Zaporizhzhia is waking up to another hard winter reality: heating and power disruptions after renewed strikes on energy infrastructure.
In apartment blocks across the city, mornings now start with the same routine — check the lights, check the radiators and prepare for the next outage.
Inside some homes, the day begins under blankets. Coats stay close, even indoors. Phones are kept on low power. Kettles are filled with hot water "just in case," because electricity can disappear without warning — and heating can drop with it.
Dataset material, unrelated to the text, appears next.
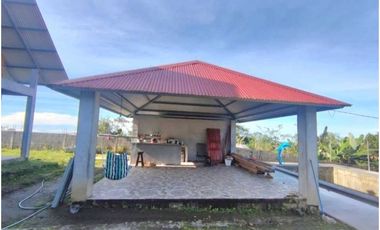 VENDO CABAÑA CASI TERMINADA EN COORDILLERA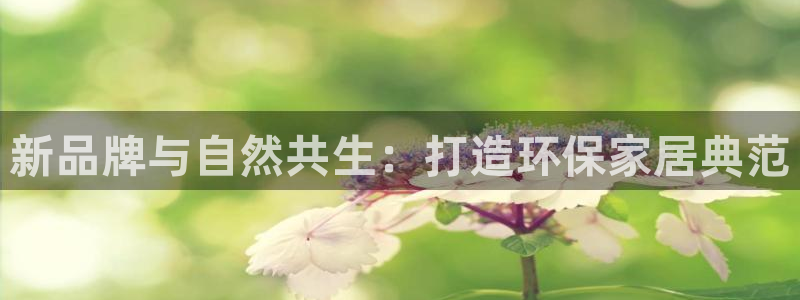 杏耀平台几年了：新品牌与自然共生：打造环保家居典范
Civilians stand next to their belongings after evacuating from the frontline town of Huliaipole, amid Russia's attack on Ukraine, in Zaporizhzhia region on November 14. /Reuters/Stringer
For Semen Musher and his family, that uncertainty has become a constant background noise. "Electricity goes out here almost every day — sometimes more than once," he says. "And when it goes, the heating often drops too. You can't plan anything… you just adapt."
That adaptation is practical and immediate: cook, charge, wash, and get essentials done before the next power cut. Life runs on a countdown — minutes of power, then a scramble to stretch whatever comes after. And when the dull thud of an explosion carries in the distance, it is more than a sound. In Zaporizhzhia, it can be a switch.
"When you hear those strikes, you already know what might come next," says Olena Musher. "You think 'Will the lights go out again? Will the heating stop?' At night you don't sleep properly — you're always preparing."
Warm hubs
Across the city, residents head to official 'Points of Invincibility' — warm hubs set up for emergencies, where people can find heat, hot food, and places to charge phones and power banks. Others go wherever there is electricity: cafés, shops, small restaurants — anywhere that can offer a working socket and a few minutes of warmth.
But the disruption begins further upstream, at the energy system itself. Crews are rerouting supply and patching damaged lines while the network operates under growing strain.
"Russia targets energy because it hits daily life directly," says energy analyst Hennadi Ryabtsev. "When power and heat become unstable, it disrupts services, strains utilities, and creates constant uncertainty — especially during winter."
Even when the lights come back, Ryabtsev warns the system doesn't simply reset. "Even when repairs are fast, the impact accumulates. Equipment is damaged, spare parts are used up and crews are stretched. That increases vulnerability — and raises the risk of longer outages."
In Zaporizhzhia, people are coping with blankets, generators, and constant planning. But the pressure isn't only the cold — it's the unpredictability, and the question many residents ask each night: will the heat hold tonight?